### Material provided
BEGIN

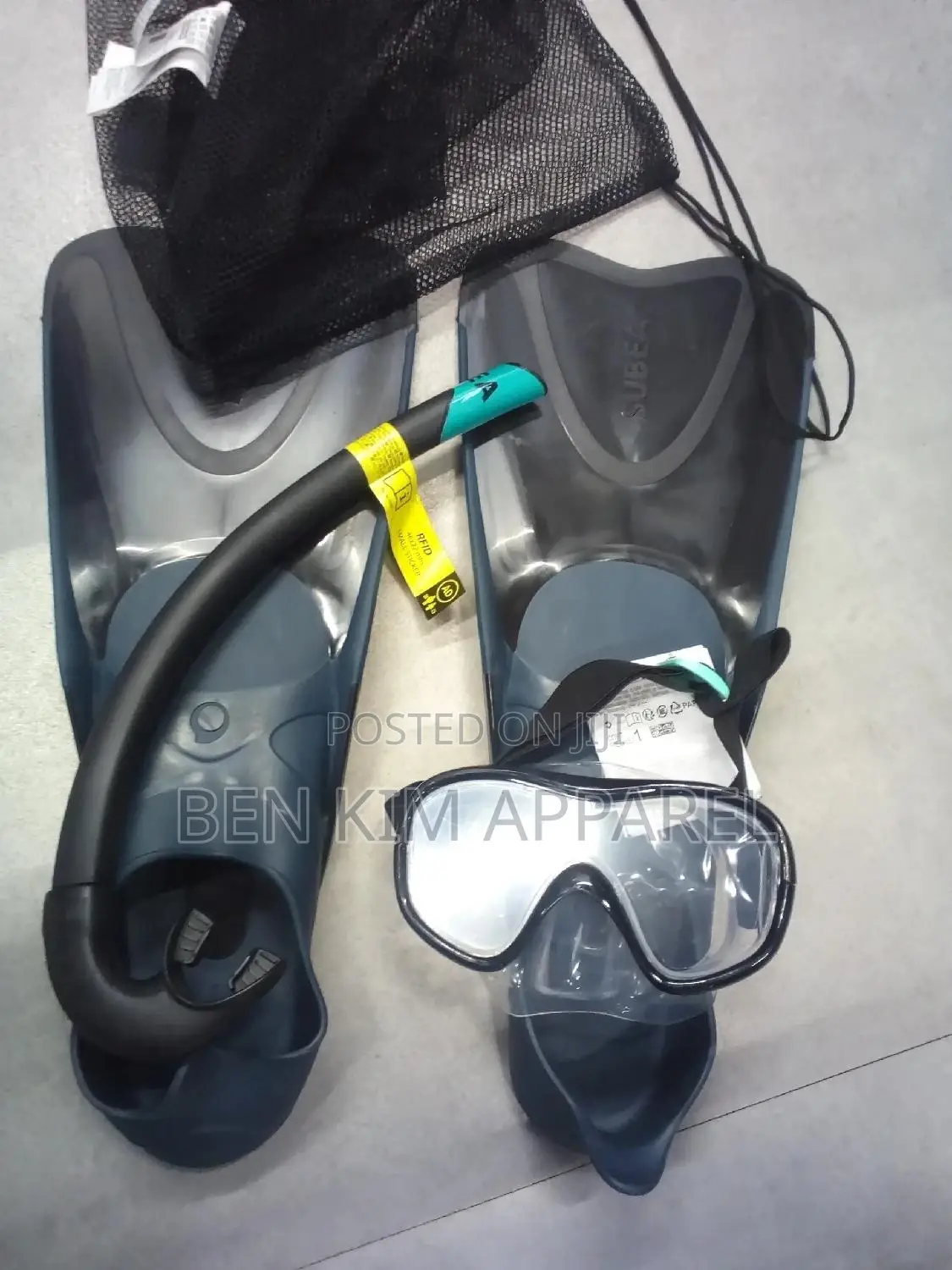 Water Sports Snorkeling Kit Fins Mask and Snorkel With Bag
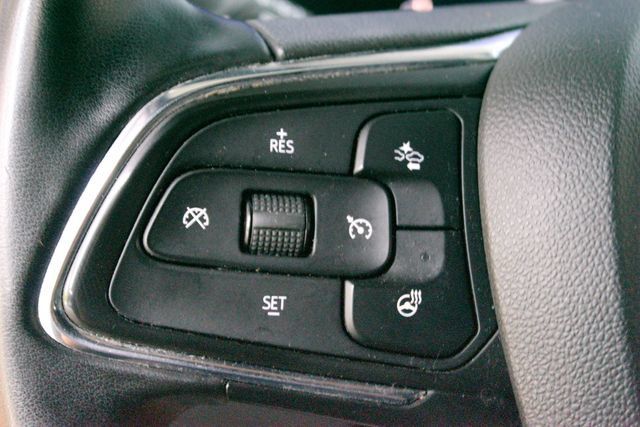 Used 2024 Buick Envista Sport Touring w/ Convenience II Package FWD image 16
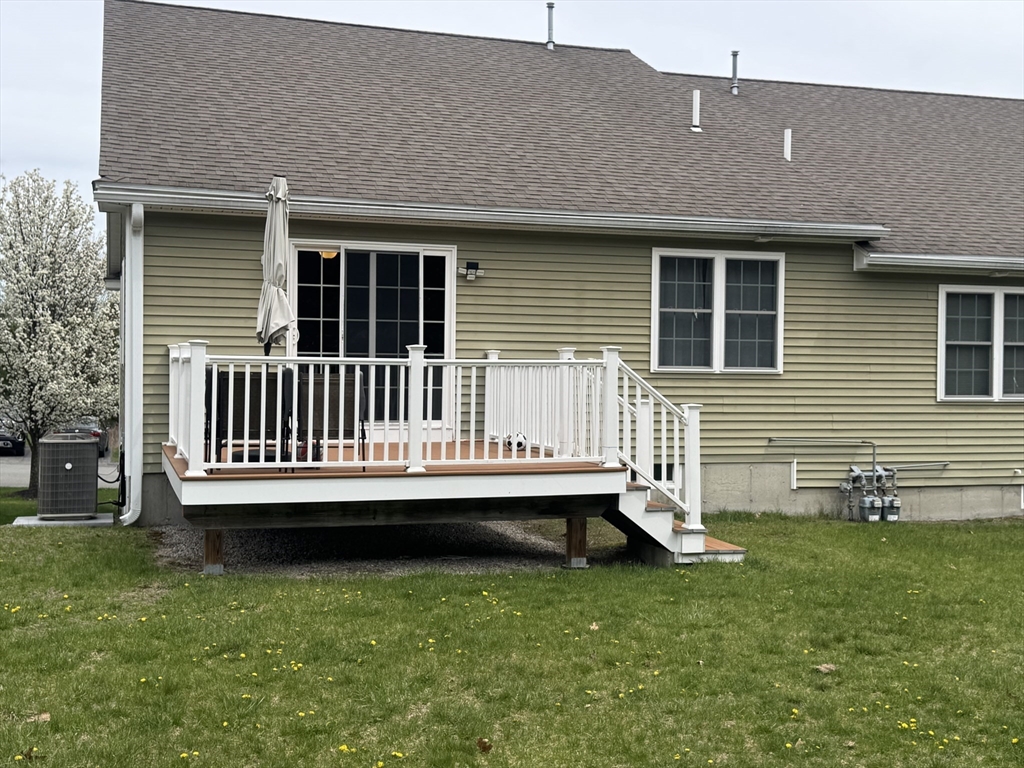 114 Richard Road, Unit 8 Leominster, MA 01453 - Photo 5 of 42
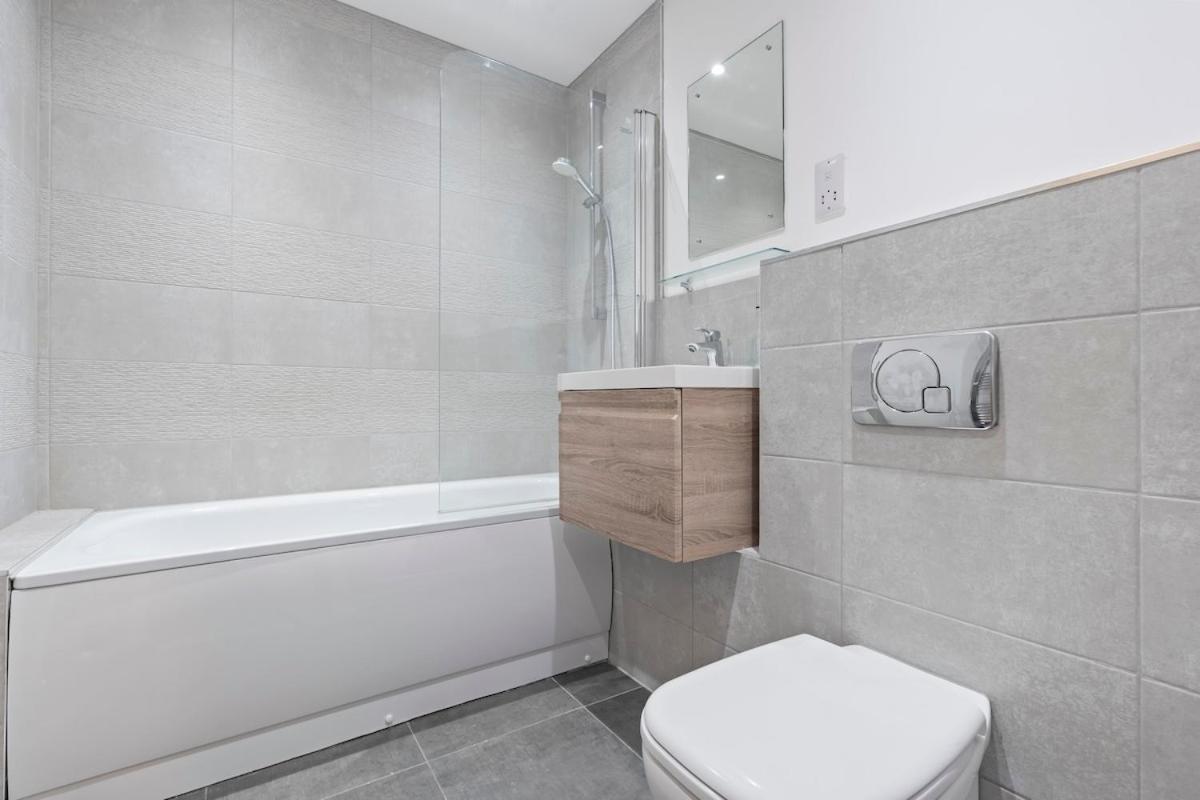 The Silkworks Cov Grade 2 Listed Lux Sleeps 6 Apartment *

END

### Task to carry out
The whole listing above, line by line, needs to be copied exactly, except for any images.

### Result of this exercise
 Water Sports Snorkeling Kit Fins Mask and Snorkel With Bag
 Used 2024 Buick Envista Sport Touring w/ Convenience II Package FWD image 16
 114 Richard Road, Unit 8 Leominster, MA 01453 - Photo 5 of 42
 The Silkworks Cov Grade 2 Listed Lux Sleeps 6 Apartment *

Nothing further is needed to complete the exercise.